O sözlerini, “Vali’den tehdit” başlığıyla haber yaptık. O haber çıktığında da telefon ile aradı.
“Oğlum sen benim başıma bela mısın. Toplantının olduğu gün benim Alanya’da önceden programı yapılmış bir toplantım var. Gelemem. Anlamak mı istemiyorsun” diye çıkıştı.,
“Yardımcınızı gönderebilirsiniz sayın valim” cevabı verince, toplantıya yardımcısını gönderdi.
Dönemin valisi Erol Tezcan Antalya’dan tayin olup gitti, ben ise hala Antalya’da yaşıyorum.
Saffet Arıkan Bedük çalışkan bir vali idi çözüm odaklı çalışırdı ve sivil toplum kuruluşları ve halkla ilişkileri iyiydi.
Saim Çotur, tanıdığım en mütevazi valiydi. Görevini yapar, yol gösterir, siyaseti işine karıştırmazdı.
Sonraki valimiz Hüsnü Tuğlu, tecrübeli ve heyecanlıydı. İkinci vali vakam sayın Tuğlu ile olmuştur.
100. Yıl Spor Kompleksi’nde yaşanan olumsuzlukları kaleme almış, vali beye, “Sayın valim o güzergahtan geçerken lütfen şöförünüze 100. yıl’a da uğrayacağız talimatını verin, gelin rezillikleri çıplak gözle görün” demiştim. Yazı çıktığı gün beni makamına çağırdı. Kırmadım gittim. Ağzında upuzun bir puro, “Ne yani valinin işi gücü yok 100. Yıl Spor Kompleksi’ne gezmeye mi gidecek” diye çıkıştı.

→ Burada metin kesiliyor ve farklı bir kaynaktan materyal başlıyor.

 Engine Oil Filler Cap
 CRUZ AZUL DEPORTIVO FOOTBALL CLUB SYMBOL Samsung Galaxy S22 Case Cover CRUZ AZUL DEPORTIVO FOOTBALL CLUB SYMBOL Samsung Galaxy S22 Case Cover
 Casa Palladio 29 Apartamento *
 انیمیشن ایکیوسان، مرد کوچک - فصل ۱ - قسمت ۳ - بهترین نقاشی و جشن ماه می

Valilik makamındaydım ve çıt dahi çıkartmadan gözlerinin içerisine öylece baktım. O yıllarda susma hakkı yasası olmadığı halde susma hakkımı kullanmıştım. Tabi ki yazma hakkımı da sonuna kadar. Bana, “Çıkabilirsin” dedi, bende çıkıp gittim. Söylediği sözlerin aynısını başlığıyla köşe yazımda kullandım.
Ertuğrul Dokuzoğlu ile pek diyalogumuz olmadı.

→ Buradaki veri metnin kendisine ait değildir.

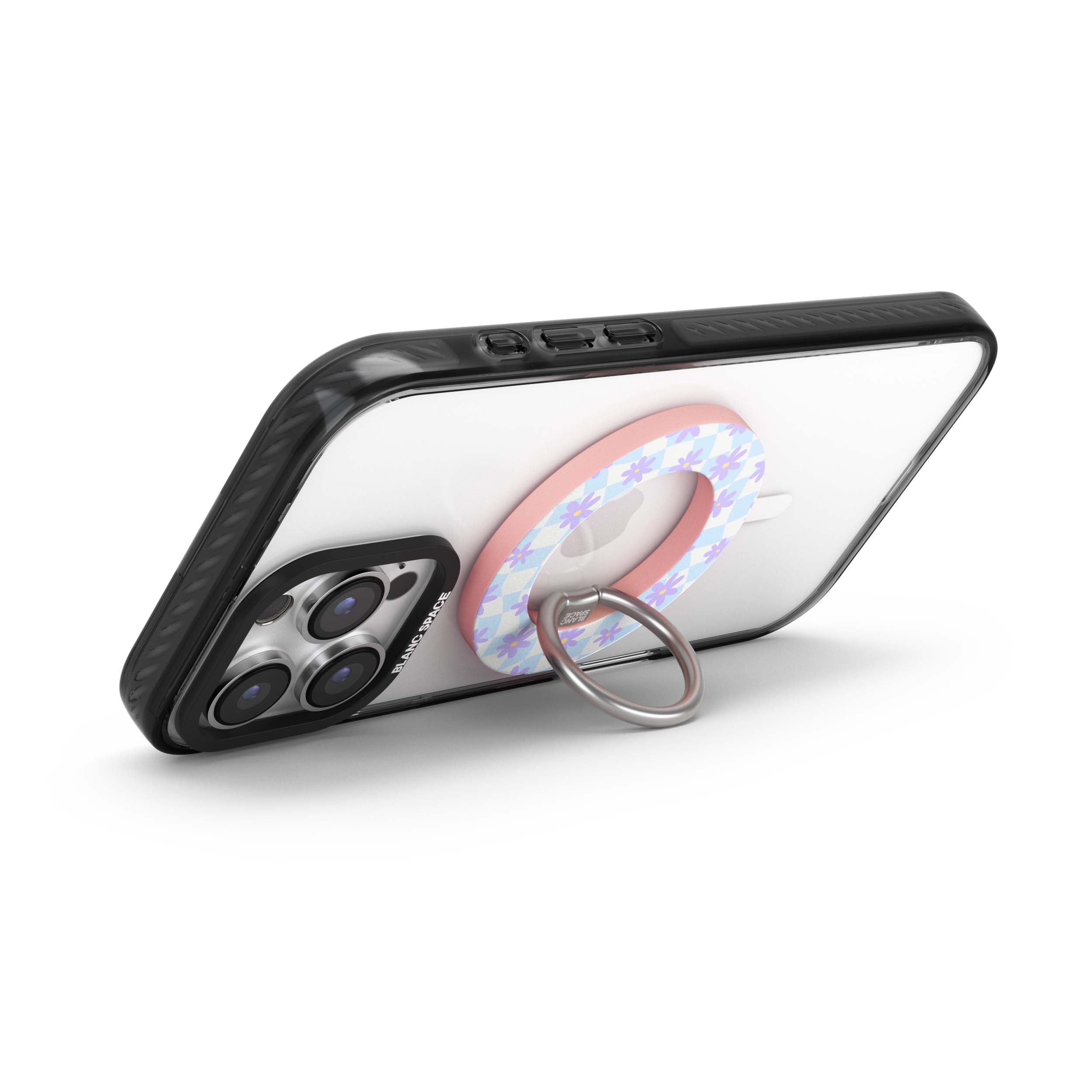 Spring Picnic Magsafe Grip Magsafe Grip Pink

Alaaddin Yüksel’i asla unutamam. 26 yıllık meslek hayatımda bende apayrı bir yeri vardır. Bir şehrin mülki amirliğinden çok, baba şefkati dağıtan, pamuk kadar yumuşak yüreğiyle ama aynı zamanda üretkenliği ve çalışkanlığıyla kendisini 7’den 70’e herkese sevdiren Alaaddin Yüksel gönüllerde taht kurmuş ender insanlardan birisi.
Ve sayın vali Ahmet Altıparmak ile çalışmaya devam ediyoruz.